Para ella, el presente es esperanzador y hasta conmovedor, tanto que ha soltado algunas lágrimas viendo a sus amigos abrazarse a desconocidos mientras saltaban al ritmo de una canción que les gustaba. “Me emociona que suceda algo así en un país tan chicuelo, en donde cuesta hacerse un tiempo para ensayar, para cranear, para gestar cosas culturales”, sostiene. Además de conocer esas dificultades por su experiencia capturando imágenes, Bianka sabe de lo que habla porque es la vocalista de Pólvora, una de las pocas bandas integrada únicamente por mujeres, y de un carácter más ruidoso y hardcore.
La propuesta surgió de Lucía Paz, guitarrista y también fotógrafa, conocida como Luz Experimental por el nombre de su cuenta de Instagram. La más chica del grupo —tiene 21 años— tuvo ganas de hacer una banda de mujeres durante mucho tiempo porque directamente “sentía que faltaba”, pero le costó concretarla pues sólo se topaba con mujeres guitarristas. “No tenemos tan naturalizado el acercamiento a la batería, al bajo, al ruido poderoso”, dice Mariana Curti, de 33 años, que comenzó a tocar la batería cuando tenía 27. Tampoco “el ser protagonistas o ponerse en una postura fuerte”.

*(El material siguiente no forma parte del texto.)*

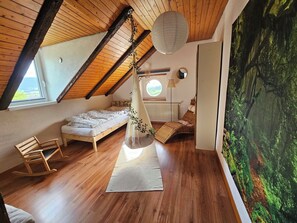 Ein Schlafzimmer mit schrägen Wänden, einem Bett, einem Schaukelstuhl, einem Hängesessel und einem großen Fenster.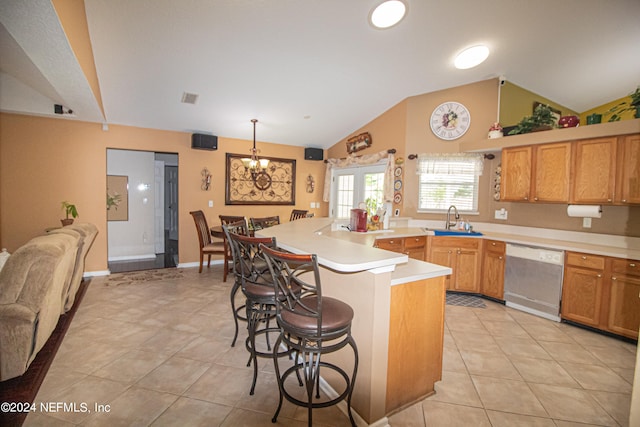 kitchen featuring decorative light fixtures, lofted ceiling, dishwasher, sink, and a breakfast bar area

“Lo que sorprende de Pólvora, por lo que me han comentado quienes nos vieron, es que la energía de nuestra música es como la de las bandas de pibes, porque nos animamos a meter sonidos raros”, asegura Camila Sena, la bajista, también integrante de Obelisco. Esa búsqueda todavía no congrega a tantas mujeres acá, pero sí al otro lado del Río de la Plata, en donde se destacan bandas como Las Tussi y Dum Chica, que han venido a tocar a Uruguay más de una vez. “Estamos tejiendo puentes con Argentina de una manera increíble”, dice Bianka al respecto. “Hay un vínculo entre los artistas de acá y de allá, que van y vienen, que creo que responde a un querer crecer y juntar cosas que eran injuntables”, continúa. Lo mismo pasa con la forma de vestir: “Buscamos generar nuevas estéticas, vestirnos como queramos”.
Olvidar el qué dirán es un motor para todos. “Tocar en Pólvora y en Obelisco me lleva a permitirme la inocencia de hacer lo que siento y, aunque me pone en un lugar vulnerable, me hace feliz”, celebra Camila. Junto a ella, Bianka vuelve a lo planteado al comienzo de la conversación y subraya: “Rescatamos el animarse a hacer las cosas y poner el cuerpo de verdad. No hay nada más punk que eso, que hacer lo que se te cante con tu proceso creativo. Es amor puro”.
Agustina Tubino es periodista. Escribe en Lento y en la diaria sobre temas sociales y culturales.